Sarebbe utile invece che un grande giornale ospitasse i suoi articoli che classifica ‘retoriche’. Non è possibile che mi accorga io, povero gonzo, che quegli articoli sono importanti, e non un qualche prestigioso direttore di pagine culturali.
Se succede questo significa che c’è qualcosa che si avvicina a un ‘sistema’ per preservarsi dai talenti degli altri.
1 febbraio 2010 alle 10:29
Per chi non lo sapesse ‘Fernandel’ era una rivista collegata alla omonima casa editrice, che veniva stampata in poche centinaia di copie. Quando le condizioni della distribuzione sono cambiate ha dovuto chiudere l’edizione cartacea. Esiste ancora sul web.
1 febbraio 2010 alle 12:31
ok, provo a spacchettare.
fede, scrivi:
“Qual è il lavoro di Nori?
Commentare sui giornali è un lavoro?
Quaranta o cinquanta righe alla settimana o anche al giorno sono un lavoro intellettuale che va retribuito?”
secondo me questa domanda può essere letta in tre modi:
1. da un punto di vista formale, “commentare sui giornali” equivale a riempire uno spazio su quel giornale, e dunque produrre contenuto. tendenzialmente, tale contenuto è pagato (visto che il giornale è un’azienda che fattura, e vende appunto contenuti).

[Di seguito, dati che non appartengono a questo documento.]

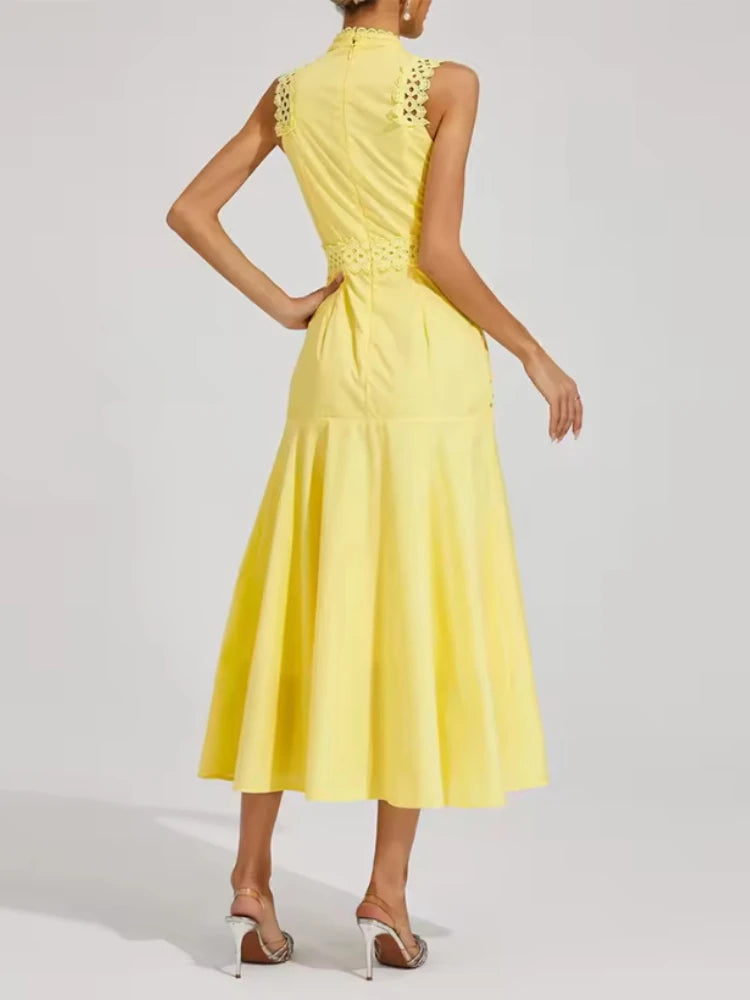 Elegant Long Lace Sleeveless Round Neck Dress Commute Evening Gown Women's Y2K Fashion Dresses Summer New Arrival Single Piece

certo, ci sono anche giornali che scelgono di non pagare i collaboratori esterni. e si può valutare che il contenuto di commento sia meno importante e meno pagato di, per esempio, un pezzo di cronaca (cosa molto condivisibile). ma di fondo, rimane un contenuto: esattamente come una foto, un sudoku o le previsioni del tempo. e quindi va pagato.

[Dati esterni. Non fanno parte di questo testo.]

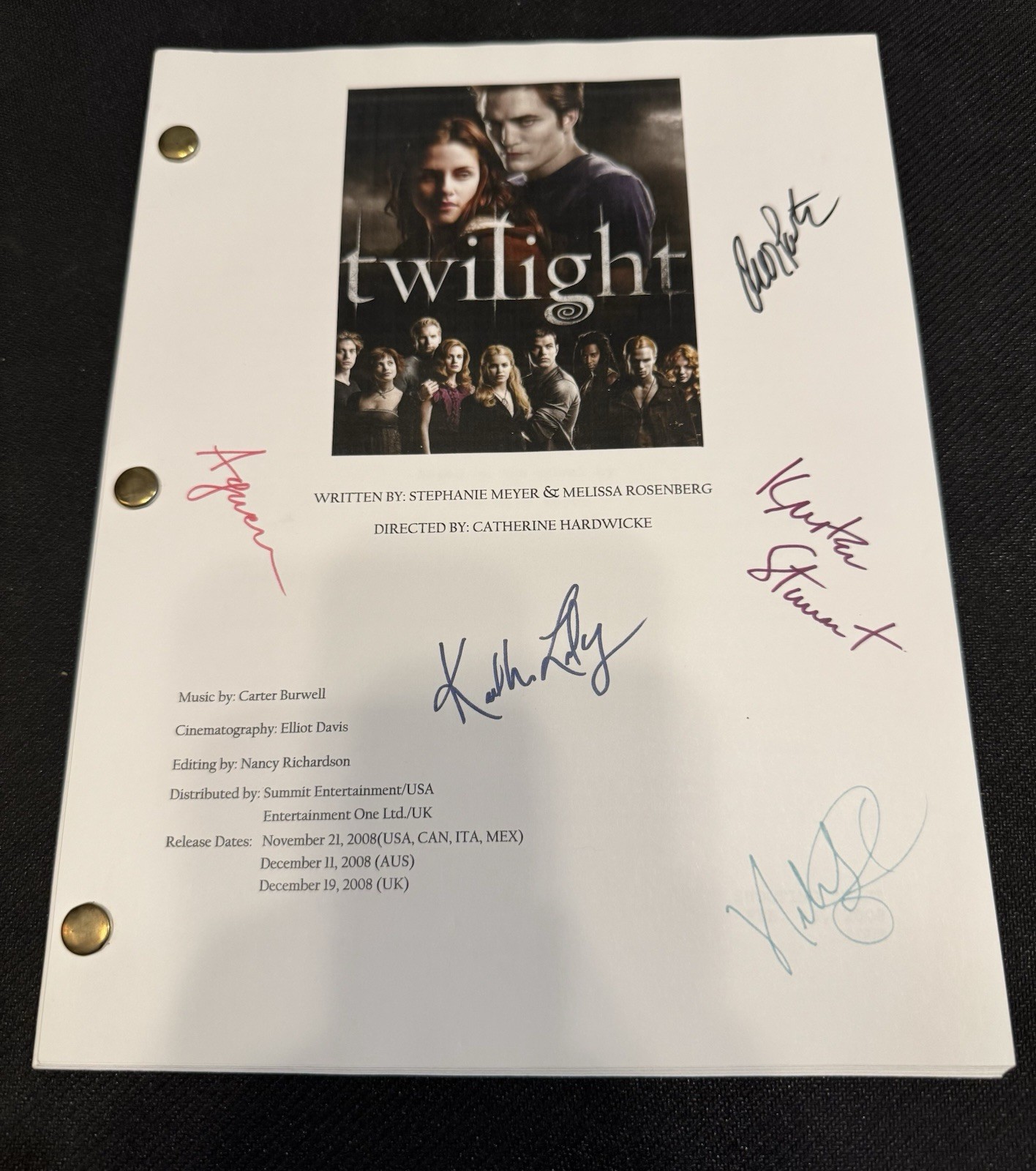 Autographed Twilight Script-Ashley Green, Kristen Stuart REPRINT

la produzione di qualcosa che viene retribuito è un lavoro. quindi “commentare sui giornali” è un lavoro (che si inscrive pienamente in quella brutta ma efficace espressione che è “produzione di contenuti” o “content providing”).
2. da un altro punto di vista, federica, mi sembra che tu suggerisca (ma forse leggo male) che “quaranta o cinquanta righe alla settimana o anche al giorno” NON sono, in effetti, un lavoro intellettuale che va retribuito. altrimenti non capirei la necessità della domanda, visto quanto detto sopra.
se ho letto bene (se no, mi scuso): perché a tuo avviso non è un lavoro intellettuale che va retribuito?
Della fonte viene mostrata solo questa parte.